Squatter's Island
Description
$23.95
ISBN 0-88750-649-6
Author
Publisher
Year
Contributor
William Blackburn is a professor of English at the University of
Calgary.
Review
No man is an island, as John Donne once said — but many of us sometimes wish we could be. Certainly this is the case with Andrew, the young protagonist of W.D. Barcus’s fine novel, Squatter’s Island. Raised by a stern father after his mother deserts them and mocked by the neighbourhood boys with that easy and unerring cruelty with which the young chastise the sin of difference, Andrew longs for the refuge promised by Squatter’s Island. His happiest memories are of visits with his father to that uninhabited island plainly visible from the harbour — but now his father has forsaken the sea and the island both, and keeps a store in the village. Joe Ramos, a fisherman of Portuguese descent, and so an outsider like Andrew himself, befriends the boy, and Andrew’s diminished loneliness is bearable until the old man’s dory capsizes within sight of shore, and Andrew is powerless to save him. Eventually the boy leaves Nova Scotia for Newfoundland, where he finds work on a road gang and marries Molly, a country girl. Upon his return home, his uncomprehending wife merely resents his fascination with the island; sickness and surgery leave her unable to bear children, and Andrew’s father suffers a stroke which leaves him helpless. At the novel’s close, the island remains unattainable and Andrew, like his father before him, turns his baffled strength to the walls which close around him.
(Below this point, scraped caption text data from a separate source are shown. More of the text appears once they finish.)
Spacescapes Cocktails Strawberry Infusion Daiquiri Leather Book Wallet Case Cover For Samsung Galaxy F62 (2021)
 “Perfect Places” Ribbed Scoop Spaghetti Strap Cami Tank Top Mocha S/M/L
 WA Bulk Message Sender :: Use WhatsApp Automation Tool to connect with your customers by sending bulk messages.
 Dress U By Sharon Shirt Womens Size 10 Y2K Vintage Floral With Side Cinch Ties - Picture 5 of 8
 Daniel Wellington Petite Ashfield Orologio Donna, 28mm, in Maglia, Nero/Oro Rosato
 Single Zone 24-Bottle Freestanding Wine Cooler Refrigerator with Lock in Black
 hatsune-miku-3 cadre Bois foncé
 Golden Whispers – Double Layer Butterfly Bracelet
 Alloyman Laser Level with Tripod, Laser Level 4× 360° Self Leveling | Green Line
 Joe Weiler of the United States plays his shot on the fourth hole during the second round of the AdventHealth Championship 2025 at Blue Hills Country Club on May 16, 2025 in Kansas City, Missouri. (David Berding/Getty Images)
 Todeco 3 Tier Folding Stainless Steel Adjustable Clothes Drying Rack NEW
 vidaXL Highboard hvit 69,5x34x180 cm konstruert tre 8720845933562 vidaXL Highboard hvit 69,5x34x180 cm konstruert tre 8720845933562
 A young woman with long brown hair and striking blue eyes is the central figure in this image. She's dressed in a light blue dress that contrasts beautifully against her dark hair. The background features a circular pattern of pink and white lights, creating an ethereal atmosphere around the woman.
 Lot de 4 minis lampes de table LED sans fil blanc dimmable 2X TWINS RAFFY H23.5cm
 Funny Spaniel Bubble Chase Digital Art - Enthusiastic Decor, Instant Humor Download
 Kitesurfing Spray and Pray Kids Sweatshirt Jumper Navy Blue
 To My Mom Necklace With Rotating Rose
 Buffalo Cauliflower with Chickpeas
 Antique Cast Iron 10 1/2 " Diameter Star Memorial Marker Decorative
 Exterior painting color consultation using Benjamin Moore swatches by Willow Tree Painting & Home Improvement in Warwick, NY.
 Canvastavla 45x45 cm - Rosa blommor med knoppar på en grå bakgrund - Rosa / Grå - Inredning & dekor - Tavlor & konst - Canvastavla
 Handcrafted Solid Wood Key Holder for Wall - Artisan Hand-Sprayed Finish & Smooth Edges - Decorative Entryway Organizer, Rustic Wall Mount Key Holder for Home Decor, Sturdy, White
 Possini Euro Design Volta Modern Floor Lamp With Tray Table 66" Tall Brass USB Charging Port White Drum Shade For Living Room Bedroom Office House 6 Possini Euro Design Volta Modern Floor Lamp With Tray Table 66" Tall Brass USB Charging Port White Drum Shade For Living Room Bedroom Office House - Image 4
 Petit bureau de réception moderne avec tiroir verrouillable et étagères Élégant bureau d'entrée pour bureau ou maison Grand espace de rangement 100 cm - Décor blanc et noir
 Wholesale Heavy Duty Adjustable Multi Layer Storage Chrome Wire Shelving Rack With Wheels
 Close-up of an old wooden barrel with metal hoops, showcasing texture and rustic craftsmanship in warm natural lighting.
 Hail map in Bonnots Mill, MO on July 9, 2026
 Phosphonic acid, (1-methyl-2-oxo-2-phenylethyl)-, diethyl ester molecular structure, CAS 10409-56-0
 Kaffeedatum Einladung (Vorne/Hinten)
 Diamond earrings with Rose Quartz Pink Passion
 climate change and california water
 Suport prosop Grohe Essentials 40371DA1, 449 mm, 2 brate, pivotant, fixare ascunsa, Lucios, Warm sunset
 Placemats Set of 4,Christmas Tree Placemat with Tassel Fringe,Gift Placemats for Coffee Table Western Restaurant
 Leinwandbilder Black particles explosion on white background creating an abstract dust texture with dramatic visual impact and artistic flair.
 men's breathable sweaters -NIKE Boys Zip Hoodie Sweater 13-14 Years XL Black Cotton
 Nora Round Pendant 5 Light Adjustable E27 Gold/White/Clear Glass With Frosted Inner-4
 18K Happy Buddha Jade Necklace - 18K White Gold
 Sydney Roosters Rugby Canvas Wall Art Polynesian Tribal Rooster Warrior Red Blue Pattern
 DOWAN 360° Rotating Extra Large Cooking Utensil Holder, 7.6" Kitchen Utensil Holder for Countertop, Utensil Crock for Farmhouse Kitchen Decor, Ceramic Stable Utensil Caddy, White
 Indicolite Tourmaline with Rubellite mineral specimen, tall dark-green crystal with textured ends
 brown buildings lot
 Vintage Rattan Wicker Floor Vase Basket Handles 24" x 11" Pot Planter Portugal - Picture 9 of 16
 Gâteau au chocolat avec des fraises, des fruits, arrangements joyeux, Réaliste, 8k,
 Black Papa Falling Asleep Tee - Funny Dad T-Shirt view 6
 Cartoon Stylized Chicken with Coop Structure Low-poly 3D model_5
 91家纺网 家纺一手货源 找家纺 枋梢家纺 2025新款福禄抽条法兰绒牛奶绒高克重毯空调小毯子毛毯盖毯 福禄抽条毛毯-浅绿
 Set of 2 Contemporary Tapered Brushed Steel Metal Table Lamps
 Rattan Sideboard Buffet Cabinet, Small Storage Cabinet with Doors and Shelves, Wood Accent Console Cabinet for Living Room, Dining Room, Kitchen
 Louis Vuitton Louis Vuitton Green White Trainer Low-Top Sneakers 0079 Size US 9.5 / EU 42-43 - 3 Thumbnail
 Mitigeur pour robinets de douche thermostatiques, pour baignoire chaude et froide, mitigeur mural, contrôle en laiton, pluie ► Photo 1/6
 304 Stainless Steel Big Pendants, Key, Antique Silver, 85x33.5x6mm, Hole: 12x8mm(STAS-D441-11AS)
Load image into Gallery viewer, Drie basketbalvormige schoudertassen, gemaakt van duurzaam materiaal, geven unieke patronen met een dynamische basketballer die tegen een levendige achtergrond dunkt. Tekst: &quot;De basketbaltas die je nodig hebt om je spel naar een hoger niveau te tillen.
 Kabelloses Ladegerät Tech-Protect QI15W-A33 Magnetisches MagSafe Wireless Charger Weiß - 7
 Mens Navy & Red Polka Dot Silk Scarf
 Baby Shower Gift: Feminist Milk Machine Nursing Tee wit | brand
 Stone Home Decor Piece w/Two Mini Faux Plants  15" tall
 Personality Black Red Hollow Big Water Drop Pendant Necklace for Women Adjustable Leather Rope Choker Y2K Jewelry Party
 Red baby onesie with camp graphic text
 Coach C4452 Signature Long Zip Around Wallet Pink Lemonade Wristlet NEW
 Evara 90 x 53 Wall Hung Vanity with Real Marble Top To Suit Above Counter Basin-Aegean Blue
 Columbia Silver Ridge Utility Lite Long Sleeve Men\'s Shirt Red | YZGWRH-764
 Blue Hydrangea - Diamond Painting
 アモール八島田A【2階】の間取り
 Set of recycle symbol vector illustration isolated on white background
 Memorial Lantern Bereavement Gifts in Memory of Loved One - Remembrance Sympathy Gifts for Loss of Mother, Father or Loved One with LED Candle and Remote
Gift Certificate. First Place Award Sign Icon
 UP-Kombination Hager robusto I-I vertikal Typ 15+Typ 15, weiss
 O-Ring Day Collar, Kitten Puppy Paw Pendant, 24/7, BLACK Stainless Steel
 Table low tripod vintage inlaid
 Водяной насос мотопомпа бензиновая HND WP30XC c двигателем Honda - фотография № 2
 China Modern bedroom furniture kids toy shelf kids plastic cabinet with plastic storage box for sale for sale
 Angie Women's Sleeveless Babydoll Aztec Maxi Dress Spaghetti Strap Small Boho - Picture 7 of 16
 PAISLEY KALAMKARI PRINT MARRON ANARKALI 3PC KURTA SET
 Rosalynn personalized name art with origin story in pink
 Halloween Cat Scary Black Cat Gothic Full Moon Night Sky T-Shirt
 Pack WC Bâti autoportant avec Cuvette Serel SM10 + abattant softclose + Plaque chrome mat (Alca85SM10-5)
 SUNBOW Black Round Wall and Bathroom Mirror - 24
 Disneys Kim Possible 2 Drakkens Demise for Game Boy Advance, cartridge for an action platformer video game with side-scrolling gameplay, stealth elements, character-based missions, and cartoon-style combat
The best thing about Squatter’s Island is its economy of means. The author sagely foregoes any attempt at “fine writing” — a restraint particularly appropriate to the kind of minimalist tragedy he depicts. The island lost with childhood, forever clean to eye and memory, and yet forever beyond Andrew’s reach, is the central symbol in this novel barren of rhetorical flourishes but rich in psychological truth. The author’s unwavering discipline spares us cheap sentiment either for hope or despair; avoiding the cardinal sin of protesting too much. W.D. Barcus, in the story of one Nova Scotia boy, deftly lays bare the minuscule links of the chains which bind us all.